I do like to keep hands-on to some aspects of the CLP work. One particular endeavour that I’ve been closely associated with recently has been the pilot Khas Land Project. Bangladesh has a system whereby Khas land (land owned by the government) can be distributed to landless applicants. Knowing that access to land is often essential to extreme poor households, I take a personal interest to help community members on island chars to access available khas land.
Of course there are significant challenges. Thus the CLP started to test a small, lesson-learning pilot in Kurigram in 2012. Allocation of khas land is bureaucratic and therefore difficult for the mostly illiterate chars-dwellers to accomplish unaided. However, we received excellent support from the Government with efforts led by Dr Mihir Majumder (former) Secretary-RDCD, his senior staff and members of the Deputy Commissioner’s office in Kurigram. The first batch of land titles came through in early February 2013. In fact, the news arrived as CLP was having its Annual Review and I was about to announce that there had been no success in the Khas land pilot when someone whispered in my ear “the first 30 land titles have been awarded!” We have now seen several hundred titles awarded within the original pilot.
Land titles are usually for 50 decimals of land (half an acre). Once title is obtained, the families can farm it and live on it. It means a huge amount to them and can make the difference between resilience in times of disaster or slipping back into poverty. That’s one of the reasons I’ve been so keen to work in this area. The pilot is now expanding right along the Jamuna River and we’re hoping to get several thousand more families their own patch of land in the next couple of years.

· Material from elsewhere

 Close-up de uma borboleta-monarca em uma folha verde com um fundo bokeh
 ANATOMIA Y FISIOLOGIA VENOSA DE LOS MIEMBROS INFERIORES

I’ll soon be coming to the end of my tenure as Team Leader; I’ve decided to leave around March 2014. I certainly look on this programme as the summit of my career and will miss the team and the many friends made in the entire development community in Bangladesh. After seven very happy years here with CLP in Bangladesh; other opportunities are calling but I’m sure that I’ll stay involved with Bangladesh in different ways and the chars will always be in my heart and thoughts.
By the way, as a final remark, the opening photo, selected by the team, makes me look rather ferocious. I believe it was taken at our last staff picnic and I was making a point about the cricket game that we had just played – looks can be deceptive!